* **AVAILABLE DATA**:
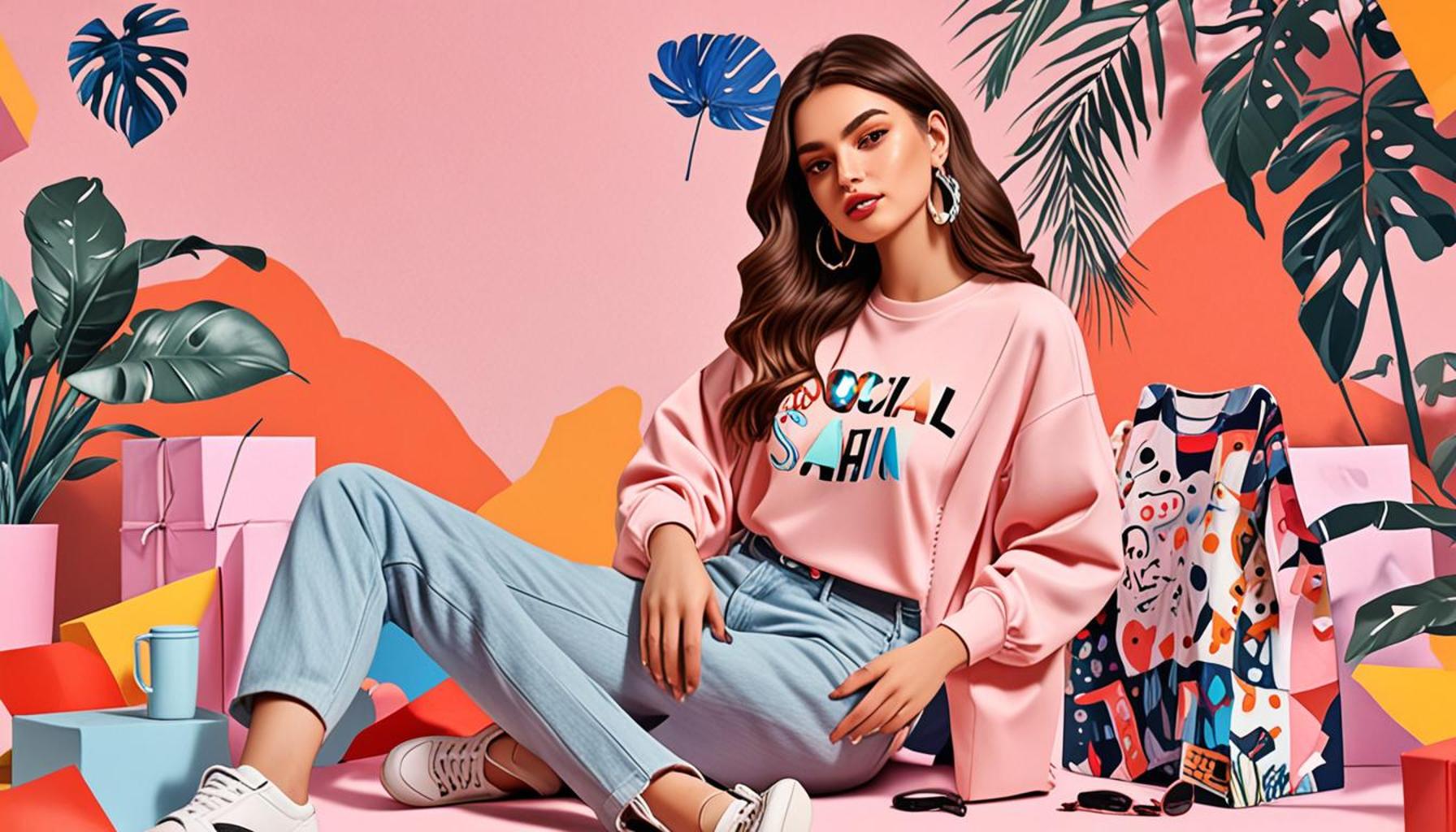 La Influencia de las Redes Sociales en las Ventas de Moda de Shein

* * *

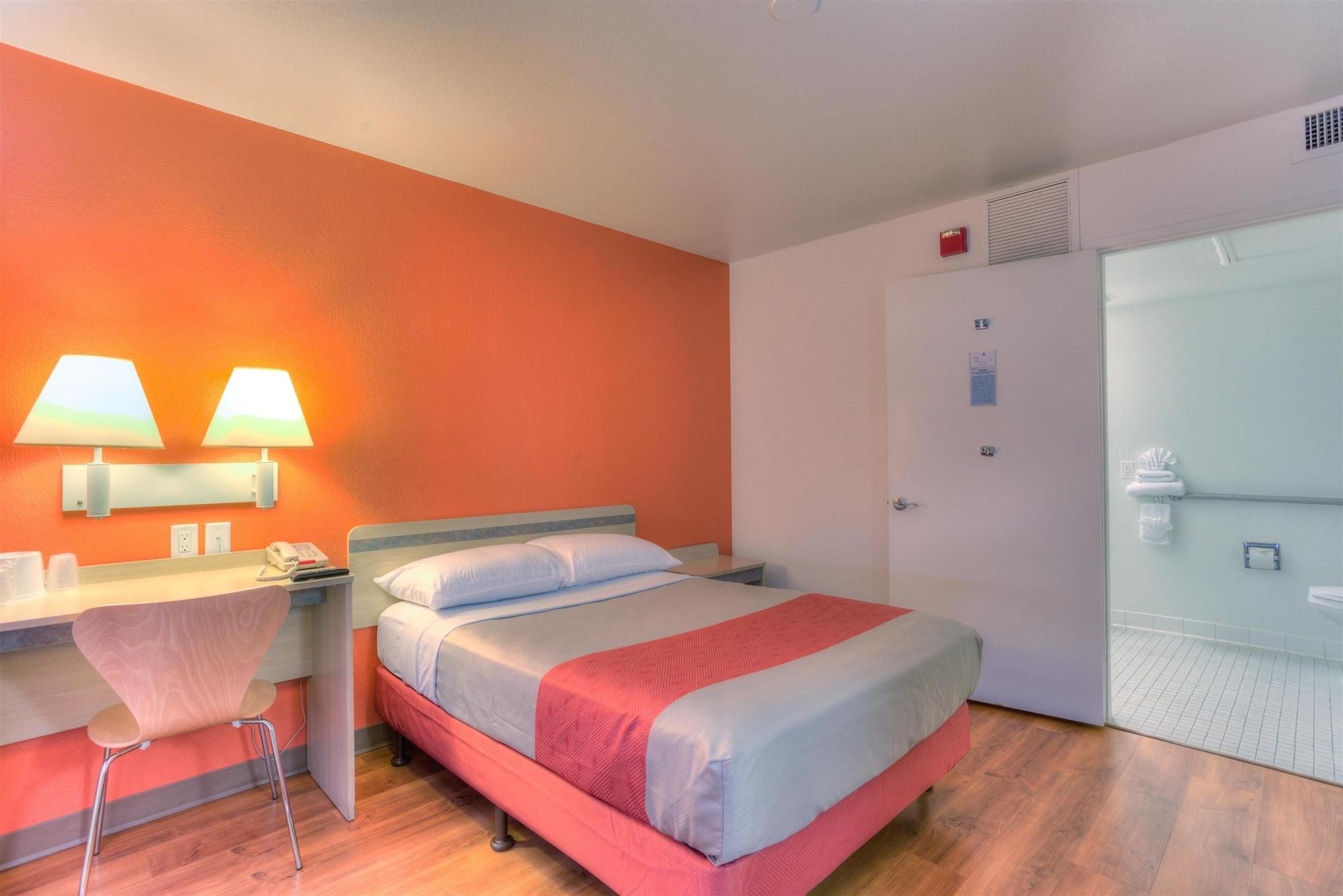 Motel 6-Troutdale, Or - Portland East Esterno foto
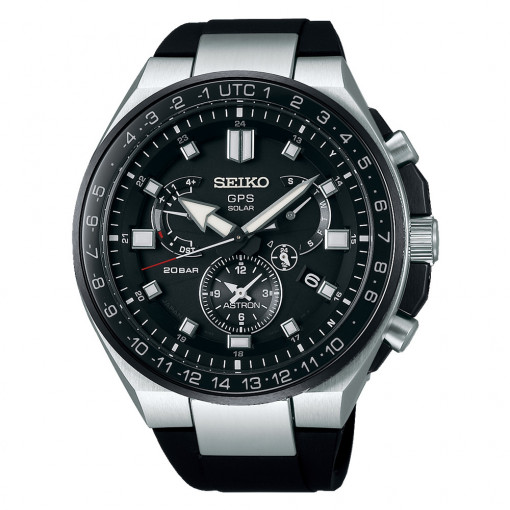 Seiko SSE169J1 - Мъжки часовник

* **EXERCISE**:
Without the pictures, give again exactly the lines above starting at the line containing "Motel 6-Troutdale, Or" and ending at the line containing "Seiko SSE169J1 - Мъжки часовник".

* **SOLUTION FOR THIS EXERCISE**:
 Motel 6-Troutdale, Or - Portland East Esterno foto
 Seiko SSE169J1 - Мъжки часовник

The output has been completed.